Brookville (19-8) entered in need of a strong night at the plate after Fluvanna County held the Campbell County boys to just five hits in last week’s Region 3C championship.
But facing elimination Tuesday, the Bees emerged victorious and in the process became a serious contender for the Class 3 crown, moving on to the state final four behind strong pitching and a renewed offensive approach.
“The Fluvanna game was really a wakeup call for the bats,” Glinski said. “We just took our foot off the gas and realized we needed to pick it up against Botetourt and set the precedent for the [next] two games.”
Another test awaits the Bees on Friday morning, when they play Tabb High in the state semifinals at Salem’s Kiwanis Field. First pitch is scheduled for 9 a.m.
The Bees are making their second state final four appearance in three years and trying to get back to a state title game for the first time since 2012, when they lost to Powhatan in Chris Glaize’s first season as head coach.
Tuesday’s win gave the coach hope his team can continue responding in the weight of the moment. Glaize has talked all season about his players, how they’re resilient, how life against a grueling Seminole District slate prepared them for the postseason, how they’re talented enough to play with anyone in Class 3.

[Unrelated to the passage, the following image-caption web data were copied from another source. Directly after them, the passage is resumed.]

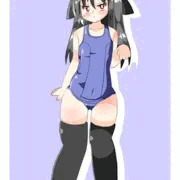 きょう、ママが死んだ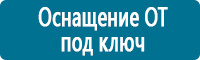 Плакаты по охране труда купить в Нефтеюганске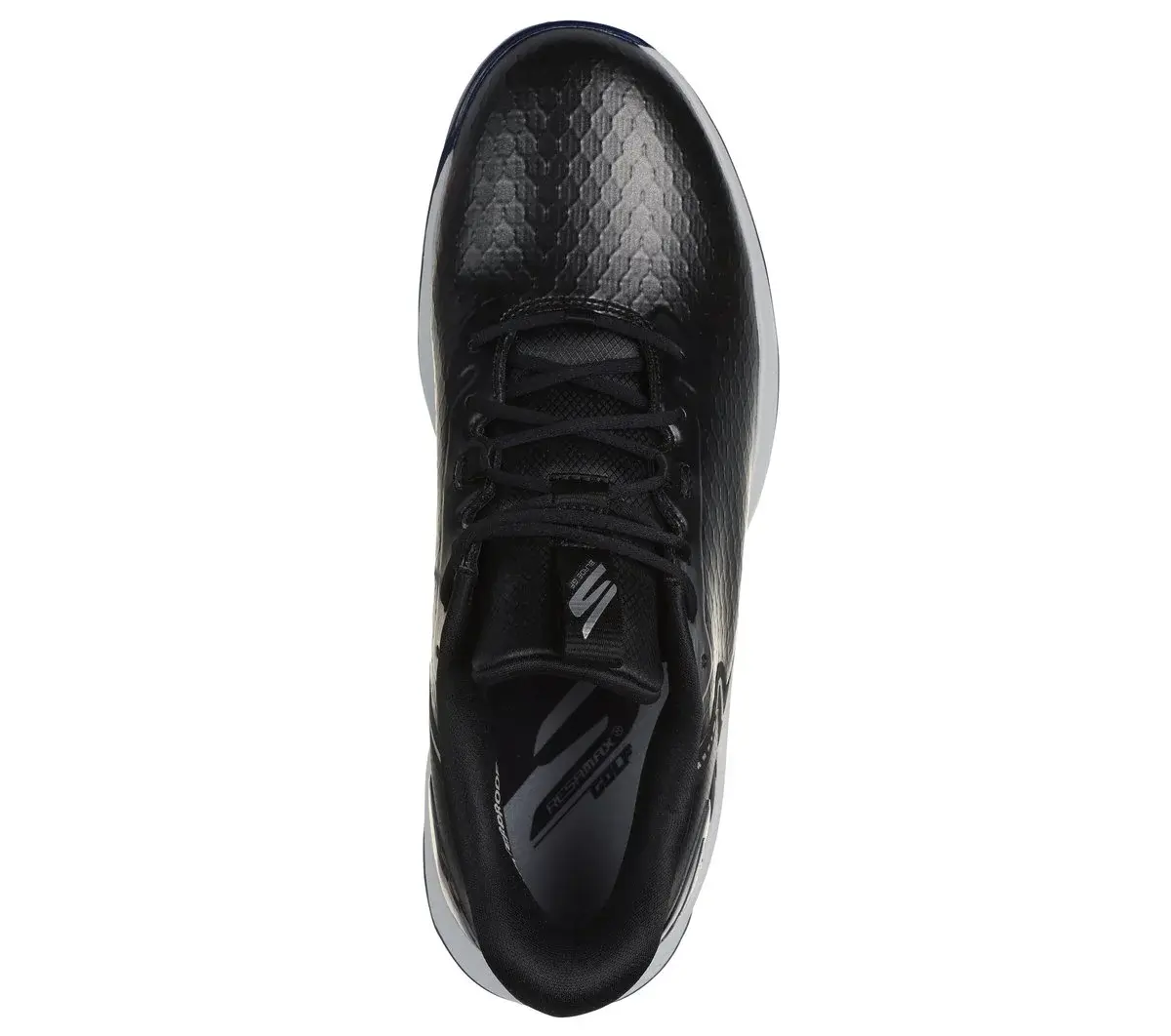 Skechers Slip-ins: GO GOLF Blade GF – Slip-ins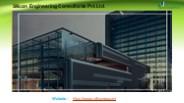 CAD Design and Drafting Services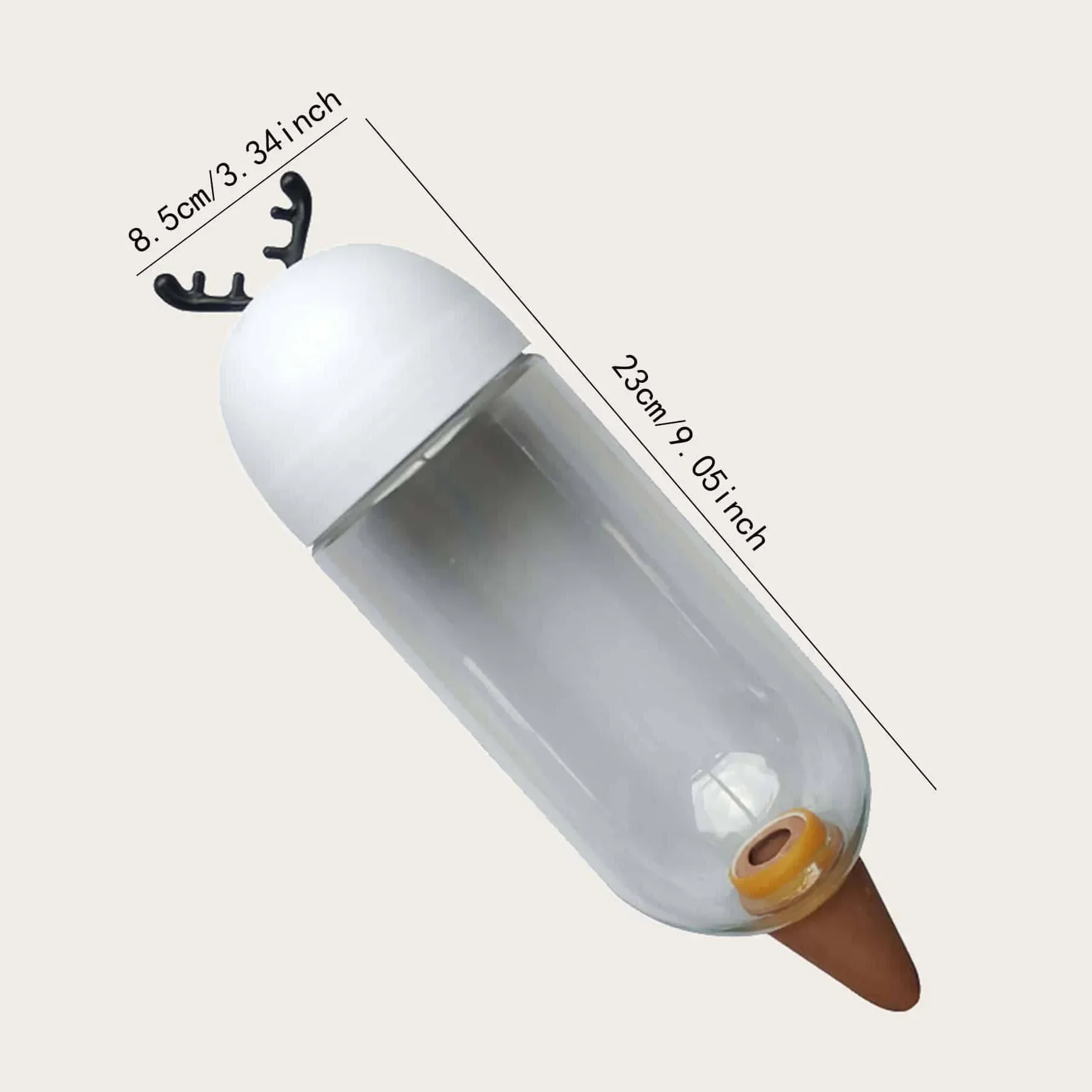 For Plants Watering Can Garden Automatic Watering Tool Indoor Drip Irrigation System Potted Plant Watering Device Essential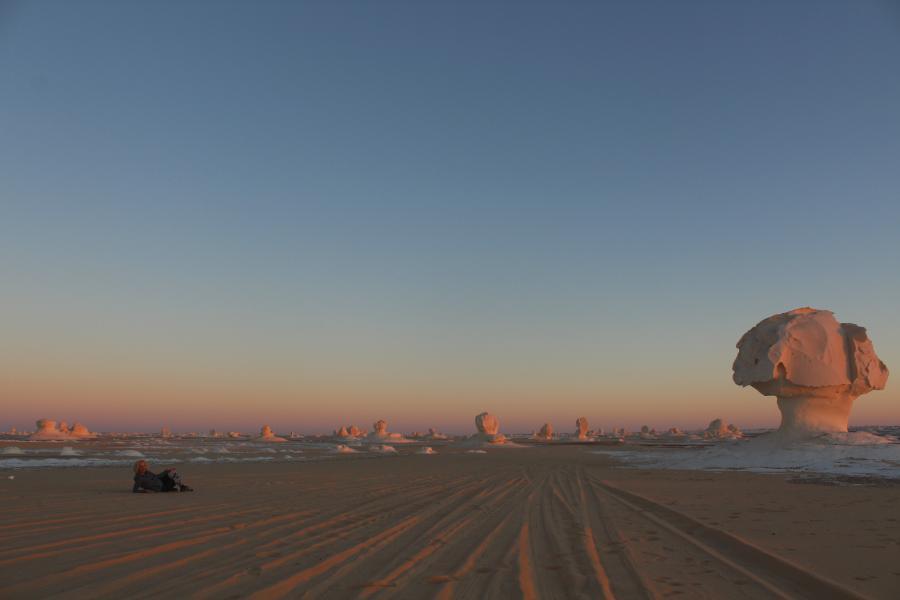 theWhiteDesert_22.JPG.1659caa7b0827de4597437f1f9e7c469.JPG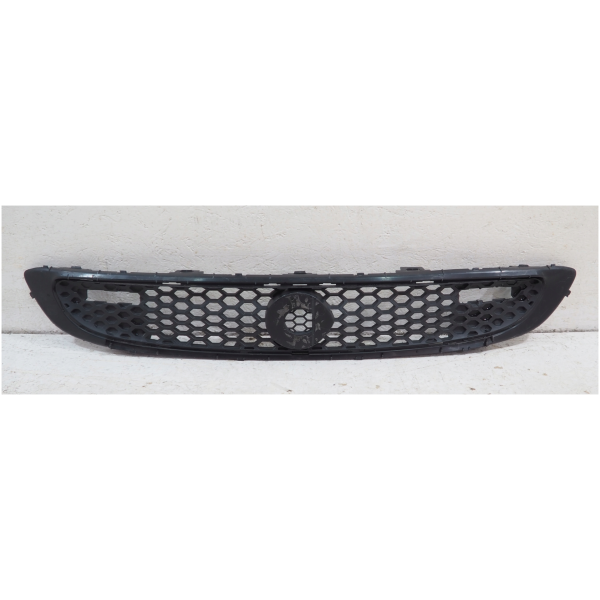 GRILL SMART FORTWO A4518880223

The Bees may be on their way to proving him right. Players didn’t panic, he said, after last week’s loss to Fluvanna.
“We went back to work the next day in practice, redialed in, refocused and did what we had to do,” Glaize said. “I was really impressed with our looseness. We weren’t tight; we couldn’t wait to play again.”
Part of that comes from the experienced pitching staff comprised of ace Brennan Abbott (9-0, 1.14 ERA) and fellow starters Brock Duff (5-3, 2.64) and Jed Howard (3-3, 1.73).
And when BHS is at its best, the top half of its lineup can be lethal. Thompson, who pounded out three hits against Botetourt, is followed by Kyle Hammock, whom Glaize refers to as “our dirtball.”
“He’s just a dirtbag,” the coach said, “getting bunts down and hitting behind runners.”
Glinski is the three-hole hitter who sports a team-best .383 average and a team-high five homers. Abbott, hitting .476 in seven postseason games, follows him, and Howard hits after that. All five are hitting over .300 for the entire season.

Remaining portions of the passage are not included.